Input for this task: Begin

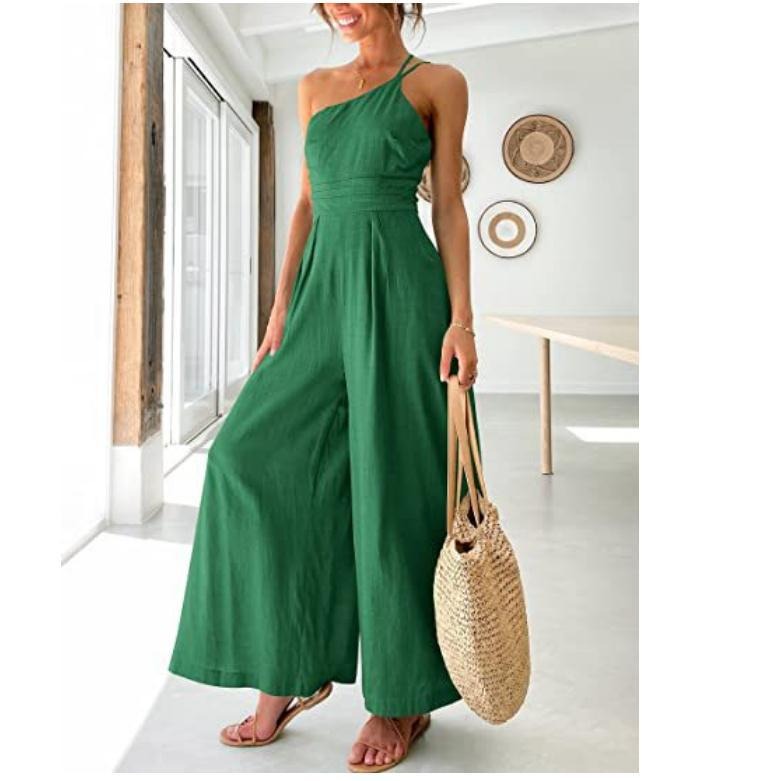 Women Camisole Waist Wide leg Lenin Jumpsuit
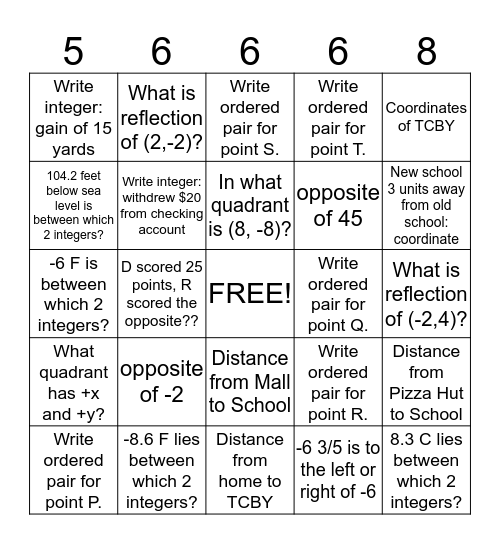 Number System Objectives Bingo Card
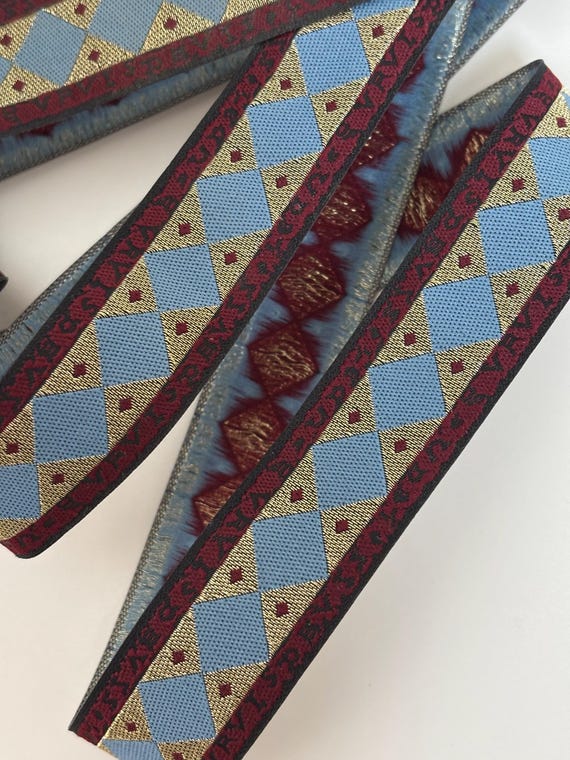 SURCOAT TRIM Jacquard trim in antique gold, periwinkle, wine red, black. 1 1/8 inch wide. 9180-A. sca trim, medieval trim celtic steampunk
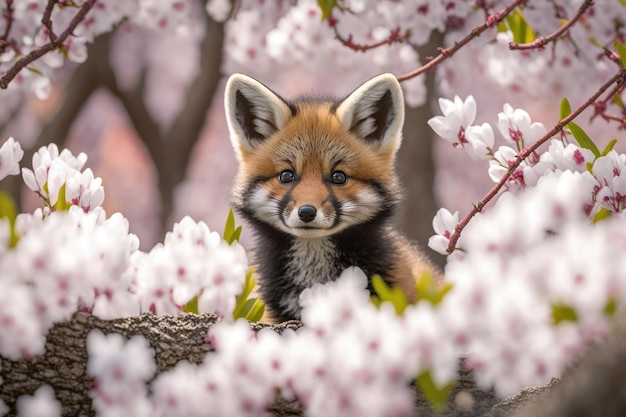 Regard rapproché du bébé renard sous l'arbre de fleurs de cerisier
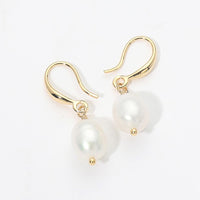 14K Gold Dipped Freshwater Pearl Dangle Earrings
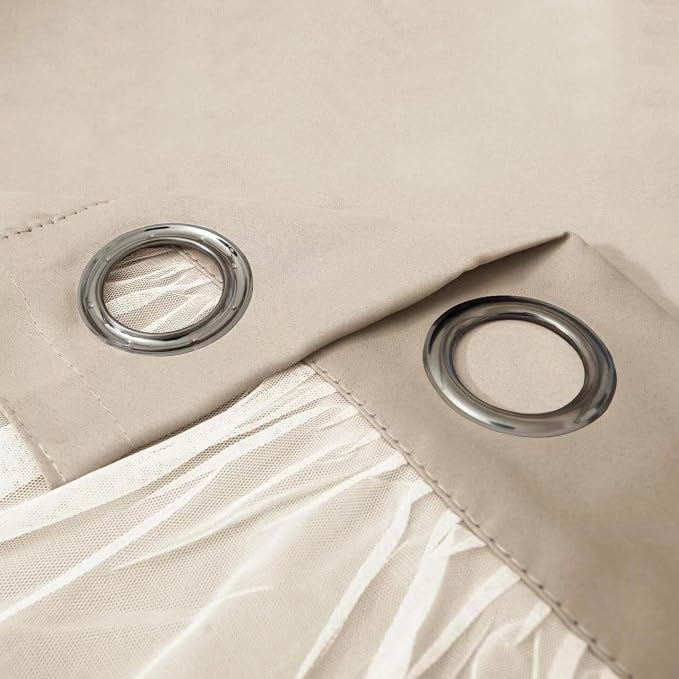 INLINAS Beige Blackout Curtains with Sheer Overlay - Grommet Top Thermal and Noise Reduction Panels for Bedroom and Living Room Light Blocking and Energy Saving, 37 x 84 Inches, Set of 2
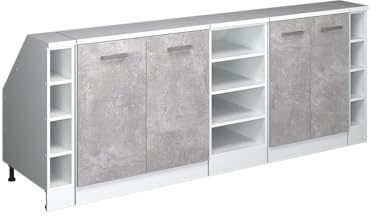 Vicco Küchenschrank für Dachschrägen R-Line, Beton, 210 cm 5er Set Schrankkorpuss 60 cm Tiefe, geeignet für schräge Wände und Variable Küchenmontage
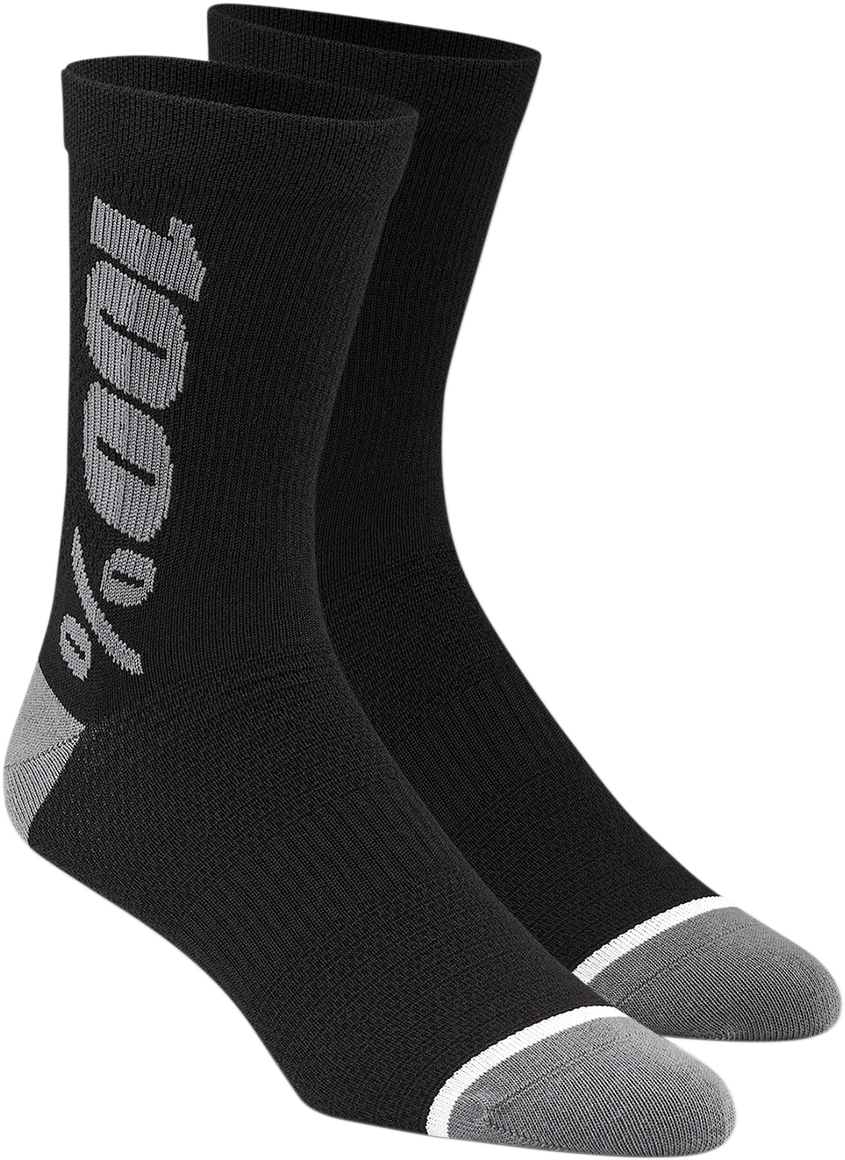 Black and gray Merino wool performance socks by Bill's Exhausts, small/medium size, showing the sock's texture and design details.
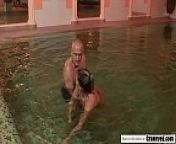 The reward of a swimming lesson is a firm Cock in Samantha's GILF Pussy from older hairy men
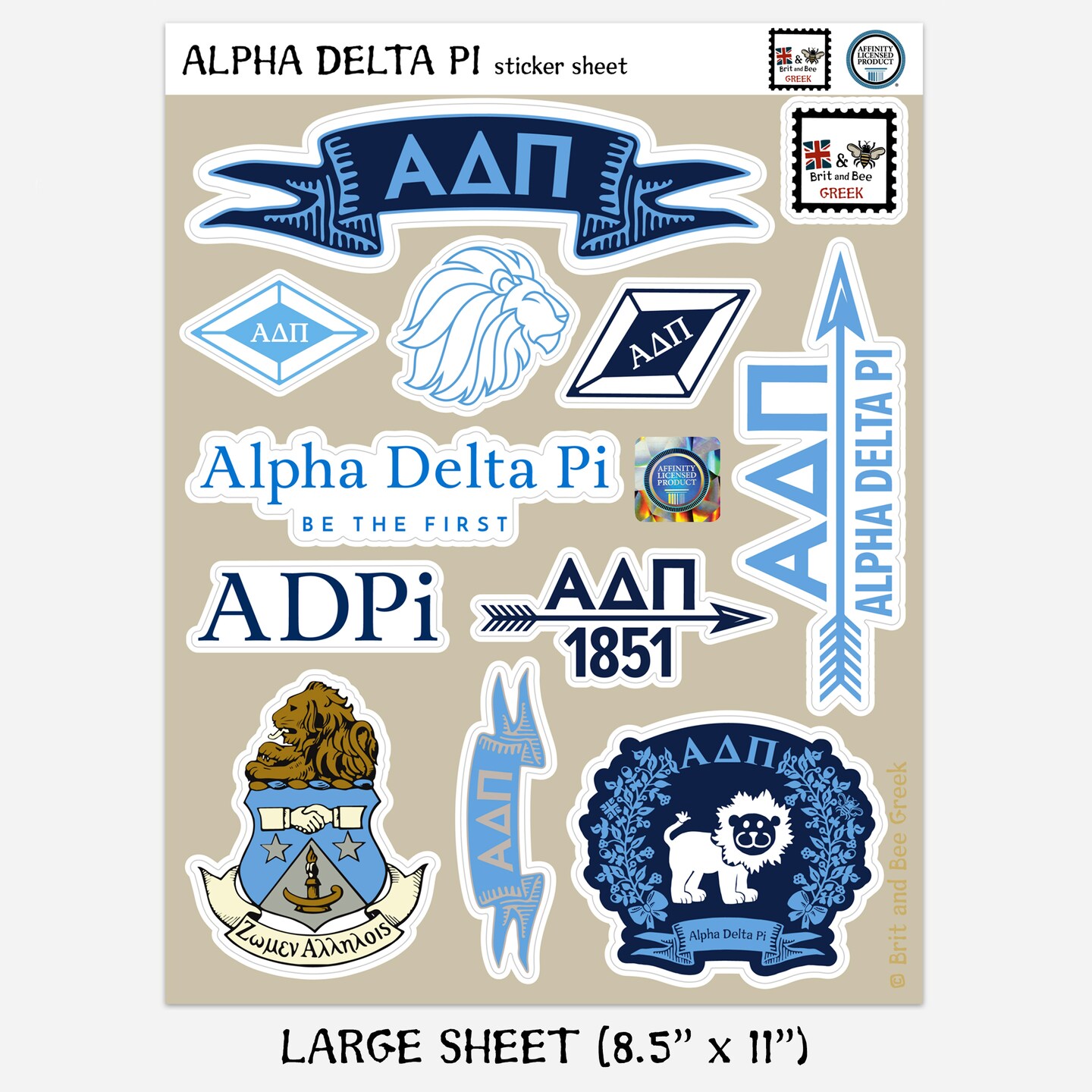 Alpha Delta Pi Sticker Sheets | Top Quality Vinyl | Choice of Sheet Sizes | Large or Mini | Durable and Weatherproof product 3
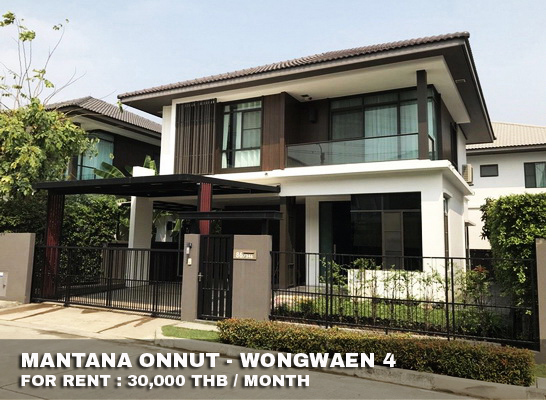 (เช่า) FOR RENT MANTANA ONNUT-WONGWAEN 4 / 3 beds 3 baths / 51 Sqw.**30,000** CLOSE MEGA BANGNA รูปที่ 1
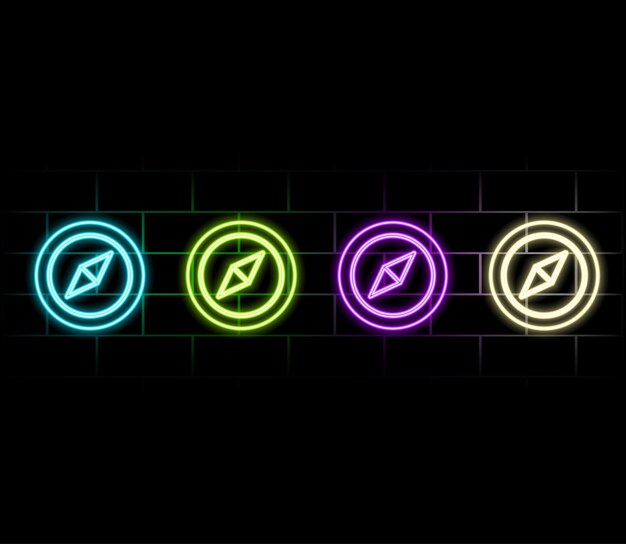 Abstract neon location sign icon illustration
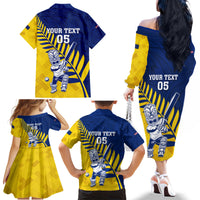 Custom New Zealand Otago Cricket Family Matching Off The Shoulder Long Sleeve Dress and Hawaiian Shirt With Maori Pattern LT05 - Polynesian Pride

Input for this task: End

-- Try it --
Print nothing except the lines above from the one containing "Vicco Küchenschrank für" down to the one containing "Black and gray", both included, exactly as written and free of pictures.

-- Result for this task --
 Vicco Küchenschrank für Dachschrägen R-Line, Beton, 210 cm 5er Set Schrankkorpuss 60 cm Tiefe, geeignet für schräge Wände und Variable Küchenmontage
 Black and gray Merino wool performance socks by Bill's Exhausts, small/medium size, showing the sock's texture and design details.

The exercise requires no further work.